RE Data Explorer users can download the wind and solar data to use with other analysis tools to inform economic and market potential. These data sets are available through NREL's application programming interfaces and highly scalable data services where they can be accessed through Python or other scripting languages. Additionally, these data sets are directly compatible with NREL's System Advisor Model to evaluate system performance and estimate project costs.

By making the Southeast Asia Wind Data Set accessible in the System Advisor Model, developers in the region can use the data to model potential wind farm sites, develop project plans, determine risk, and pursue financing. Policymakers and advisors can model the resource potential at regional and national scales, allowing them to develop future energy deployment targets and commission national grid integration studies.

Driving Southeast Asia's Clean Energy Transition

Users in Southeast Asia have already shared how valuable access to high-quality renewable energy resource data is.
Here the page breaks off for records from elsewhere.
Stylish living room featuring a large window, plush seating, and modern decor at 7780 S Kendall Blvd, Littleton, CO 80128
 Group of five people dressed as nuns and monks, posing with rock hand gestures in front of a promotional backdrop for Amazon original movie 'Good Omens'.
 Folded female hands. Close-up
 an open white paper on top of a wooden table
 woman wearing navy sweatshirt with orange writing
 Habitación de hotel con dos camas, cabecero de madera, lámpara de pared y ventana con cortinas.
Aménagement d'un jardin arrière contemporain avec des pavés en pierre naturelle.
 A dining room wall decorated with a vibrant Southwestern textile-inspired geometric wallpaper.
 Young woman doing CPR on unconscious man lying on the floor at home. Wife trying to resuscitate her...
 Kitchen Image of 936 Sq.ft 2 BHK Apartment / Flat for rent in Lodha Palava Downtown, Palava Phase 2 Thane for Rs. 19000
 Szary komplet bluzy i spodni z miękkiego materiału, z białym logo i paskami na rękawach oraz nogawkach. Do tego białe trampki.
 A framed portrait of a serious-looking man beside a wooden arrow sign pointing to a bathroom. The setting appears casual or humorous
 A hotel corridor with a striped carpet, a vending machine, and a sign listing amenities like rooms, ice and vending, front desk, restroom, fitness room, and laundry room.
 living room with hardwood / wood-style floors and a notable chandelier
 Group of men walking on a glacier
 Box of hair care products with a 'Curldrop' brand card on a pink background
Technology startup Okra Solar uses RE Data Explorer's Southeast Asia solar irradiance data to optimize their solar microgrid designs and accelerate distributed photovoltaics deployment in remote communities around the world, including Indonesia, Cambodia, and the Philippines. The data set allows Okra Solar to compare cost savings metrics generated by their proprietary microgrid technology applications over traditional microgrid system designs.

"We have helped provide 24/7, 100% renewable electricity access to more than 3,000 people," said Oscar Aitchinson, power systems engineer at Okra Solar. "RE Data Explorer, in conjunction with the System Advisor Model, has been very helpful with solar insolation modeling for our unique technology."

Open-access data repositories, such as RE Data Explorer, are key to enabling the individuals working on the ground in Southeast Asia to advance data-driven decisions and drive the region's clean energy transition.